Using that information, we can take further preventive measures to protect the system.
Prevention Techniques for Google Hacking attacks
There are a few steps that we can take to avoid leaking sensitive data to attackers using Google Dorks as listed below:
- Protect sensitive data with authentication for private information
- Don’t expose development systems to internet, if that is not possible restrict access using IP based restriction.
- Run regular vulnerability scans on your website/domain. A lot of the scanners now incorporate checks for popular Google Dork queries
- Run manual dork queries against your site to locate leaks before attackers do
- Add checks to your servers to find sensitive files in public directories such as any file with an extension other than a php/asp/html.

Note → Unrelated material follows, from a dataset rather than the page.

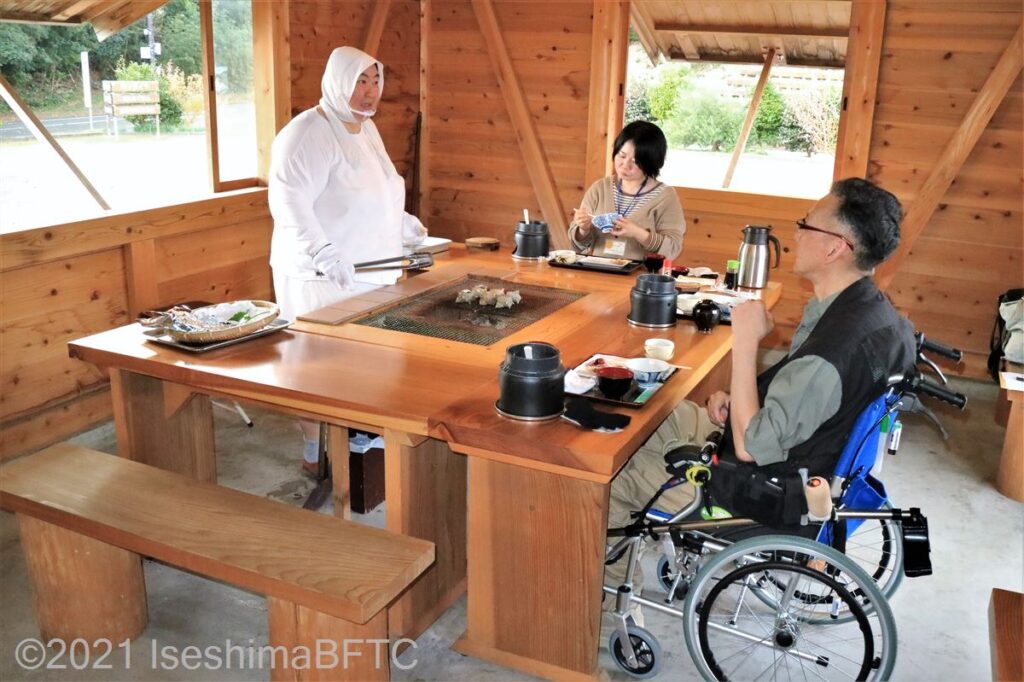 さとうみ庵での食事風景。男性と女性がテーブルにつき、白い磯着を着た海女さんが給仕をしているようす。男性は車いすに乗っている。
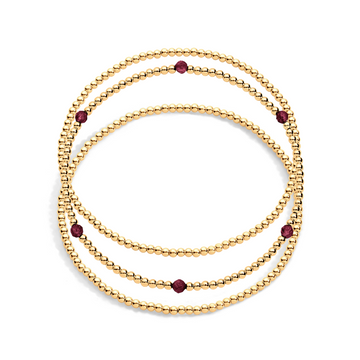 3 gold filled beaded bracelets with one having garnet gemstones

These can we potential leaks
- If you find sensitive content exposed, you can request its removal by using the Google Search Console.
Conclusion
Google Hacking allows an attacker to perform reconnaissance against your organization in a passive way allowing them to collect information that can then be combined with other sources to give them a foot hold. Preventing such information leaks is a good way to protect the organizational systems and the techniques listed above can help with that. We can also subscribe to services that perform these checks on your behalf.
We covered some of the techniques available to detect and prevent Google Hacking attacks in the paper and while the techniques discussed will not protect against all attacks, they will reduce the attack surface and protect you against most attackers.
Note: This was originally written as a paper for one of my classes at EC-Council University in Q2 2021, which is why the tone is a lot more formal than my regular posts.